It often takes my flatmates and I quite a while to decide on a film to watch. The conversation will normally start around dinner or at the pub as we desperately look to fill our evening. Original suggestions are usually ignored, much to the protestation of the film’s advocate, and serious ideas are replaced by mere word association.
Films are stumbled on chance as someone will blurt out an idea that they never really expected to gain traction. And so it was in the case of Road to Perdition and my desire to watch a serious movie for a change. A side note: when I said ‘serious’, I didn’t mean a boring drama with no talking. I was instead thinking more along the lines of Saving Private Ryan; a film not exactly renowned for its comic scenes.
After the first 15 or so minutes of Road to Perdition, I was beginning to worry that we had chosen the former of these options. A dark colour palette, a host of men in suits, and a worrying amount of sultry Daniel Craig shots was hardly grabbing me in the same way a D-Day beach landing was going to.
Much to my relief, and surprise, things began to pick up however – suitably kicked into life by the murder of Tom Hanks’ family. Although the plot is far from revolutionary – man seeks revenge, man goes on run, man gains revenge – it is well executed with some excellent performances from Tom Hanks and Paul Newman. The addition of Jude Law as a hitman also adds a nice bit of spice to what could easily have become a rather straightforward manhunt.

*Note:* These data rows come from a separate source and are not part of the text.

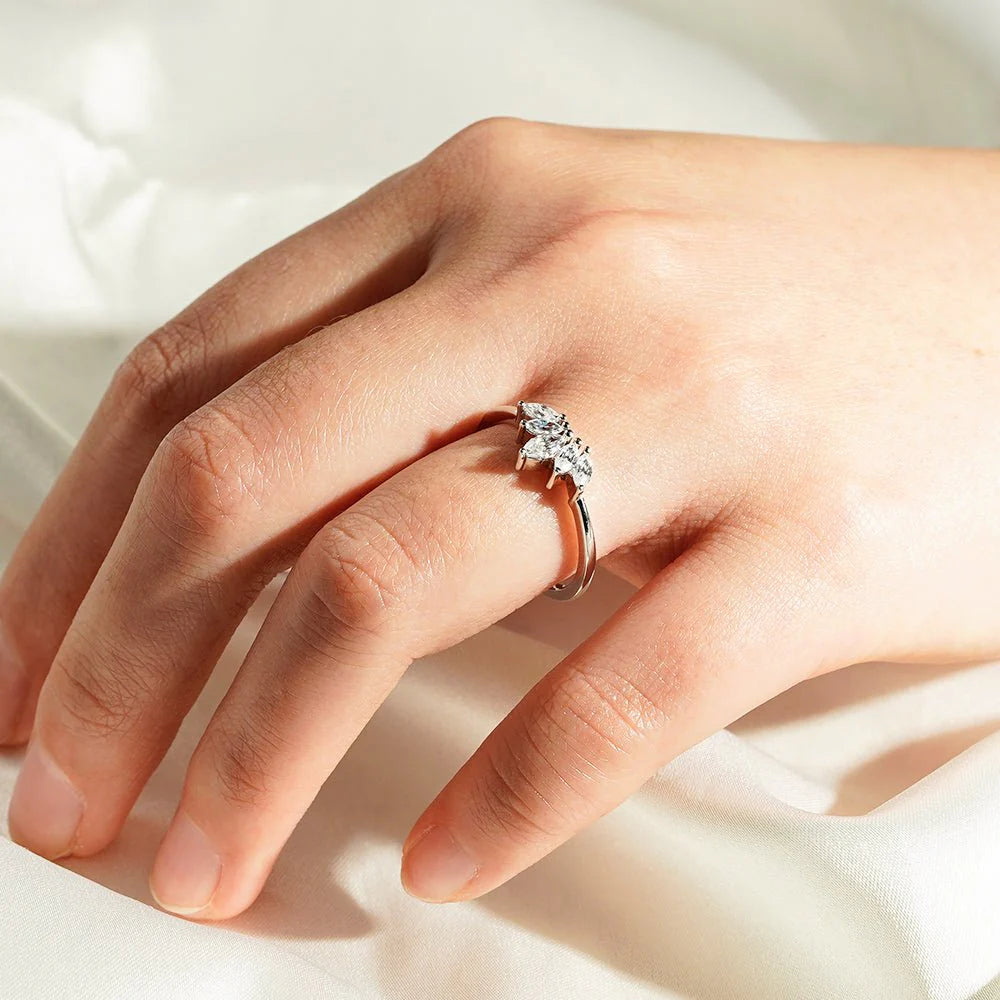 Elegant Crown Design Moissanite Ring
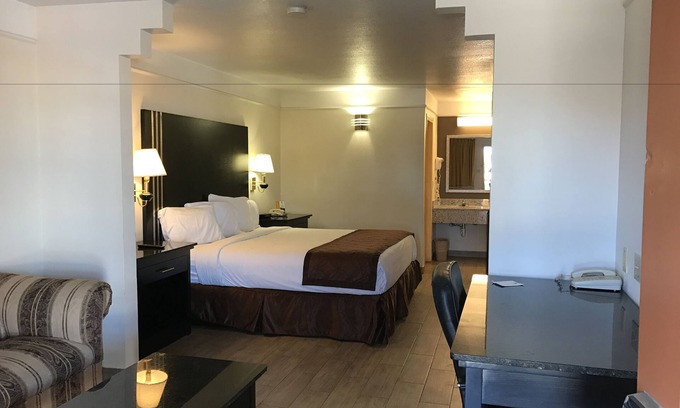 Pharr Hotel | Texas Inn & Suites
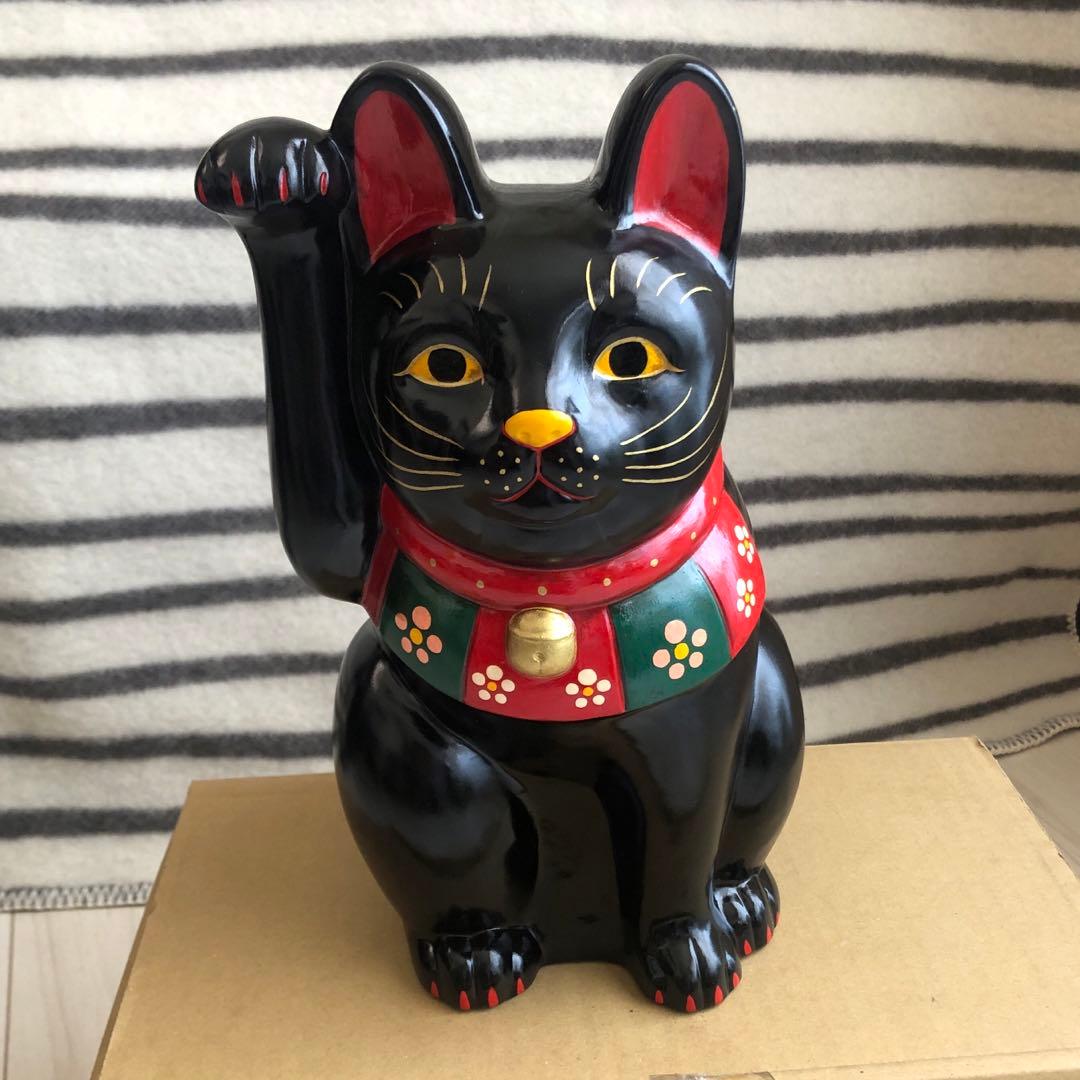 中外陶園　瀬戸まねき猫　右手黒　9.5号　古色錦彩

Furthermore, the growing bond between father and son provides some much needed light to an otherwise rather depressing film that is largely focused on death. The budding relationship is epitomised by the light-hearted bank-robbing montage; an episode expertly highlighting the theme that underpins this film.

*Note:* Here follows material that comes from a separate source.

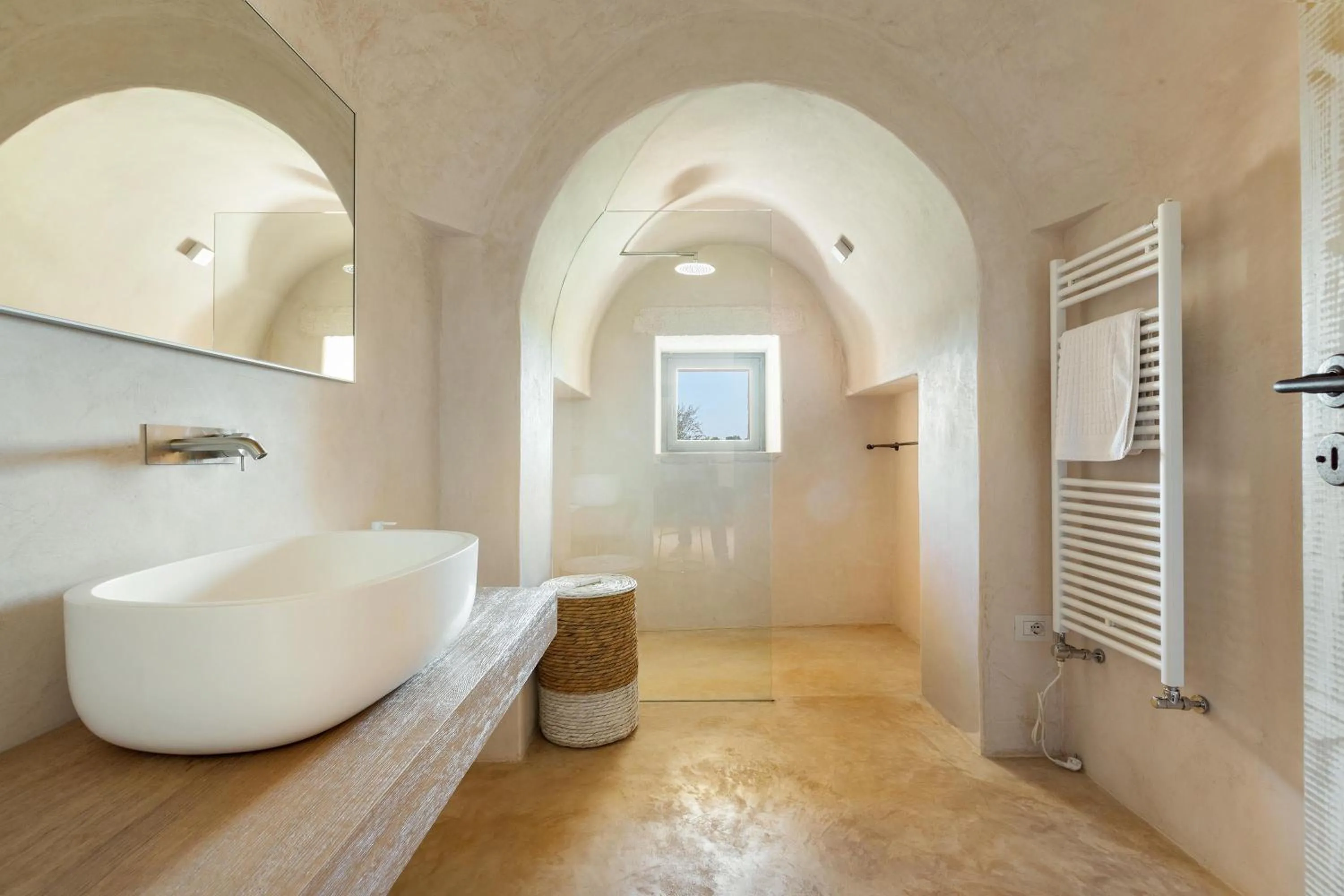 Bathroom in Le Ali Bianche by Perle di Puglia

It is not perfect however, and some of the plot points seemed a little glossed over. Like why are an elderly couple so readily accepting of a man who had been shot? Why was it so easy for Tom Hanks to kill Daniel Craig? Coupled with a rather limp ending that crawls over the line, and the plot has moments where it seems to want to rush ahead rather than telling the story.
Explaining these flaws is seemingly less favoured than recurring shots of father and son driving across the bland mid-west. There are a lot of these. Like, a lot. After a while they begin to get rather repetitive, especially when contrasted with the beautiful one-shot scene that revolves around the car as they arrive in Chicago.
Thankfully, Road to Perdition is not lacking in action or intrigue, merely a slightly more snip-happy editor as it struggles to hold your attention with a few to many meandering scenes that lack the substance offered by much of the movie.